Milton Reynolds (1892–1976), an American entrepreneur, was born "Milton Reinsberg" in Albert Lea, Minnesota. He is most famously known for the manufacture and introduction of the first ballpoint pen to be sold in the U.S. market in October 1945. He was also inventor of the “talking sign” promotional placard for retail stores, sponsor and crewman on the twin-engine propeller flight that broke Howard Hughes’ round-the-world record, and among the first investors in Syntex, which pioneered the combined oral contraceptive pill, or birth-control pill.
Reynolds’ business fortunes and personal wealth rose and fell numerous times during his career. He changed his name because he believed that his customers, including major U.S. retailers, were reluctant to buy from Jews. Long before his success with the pen, he had tried several ventures that made and lost considerable sums, including trying to corner the market on used automobile tires and investing in prefabricated houses.

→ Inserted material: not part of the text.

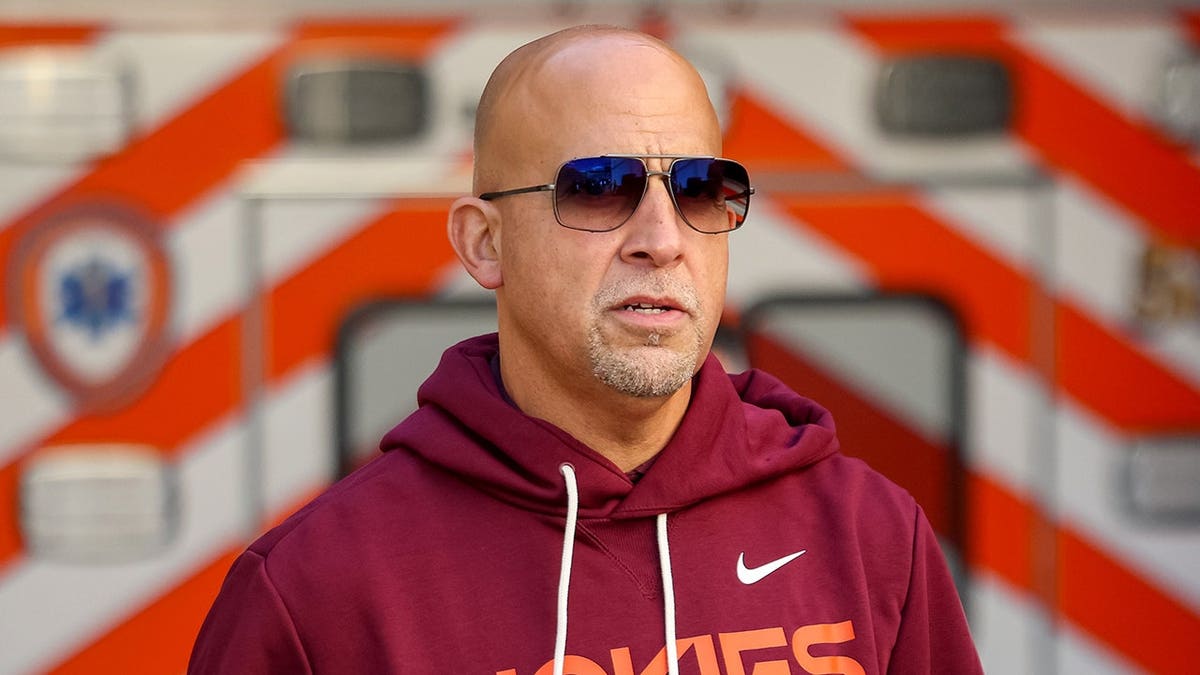 Head coach James Franklin walking on the field at Lane Stadium in Blacksburg, Virginia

A business he built around retail signmaking equipment, Reynolds Printasign, was owned and operated by two generations of his heirs.

Reynolds never claimed to have invented the ballpoint. A rolling-ball mechanism for marking leather was conceived as early as 1888 by American inventor John Loud. In 1938, newspaper editor László Bíró, a Hungarian-émigré to Argentina, and business partner Henry G. Martin patented a device for marking printers’ galleys. The Biro pen used gelatinous ink combined with capillary action to draw the ink out as it was deposited on paper by the rolling-ball tip. Because the pen did not leak at high altitude, the Biro venture sold a quantity of pens to the Royal Air Force for keeping flight logs, under a contract with Myles Aircraft. Subsequently, Biro's company Eterpen, S.A. licensed manufacturing rights in the US to a joint venture between Eversharp and Eberhard Faber.

While paying a sales call to Goldblatt's department store in Chicago, Reynolds was shown one of the rare Biro pens and apparently recognized it as a potentially hot consumer item for the postwar era. Working with engineer William Huernergardt and machinist Titus Haffa, Reynolds came up with a design that did not rely on patented capillary action but caused ink to flow by gravity. However, successful gravity feed required much thinner, viscous ink and a much larger barrel to avoid constant refilling. The thin ink made the pens prone to leakage, but, realizing time was of the essence, Reynolds rushed them to market anyway, touting the high ink capacity. With roller balls repurposed from the metal beads used in war-surplus bomb sights and barrels machined from aircraft aluminum, the Reynolds pens had another feature that captured the popular imagination: In early ads, Reynolds claimed, “It writes under water!” The claim was essentially truthful because his pen wrote successfully on wet paper. Consumers had little use for this bizarre practical application, but a generation of shoppers remembered the slogan long after Reynolds passed into history.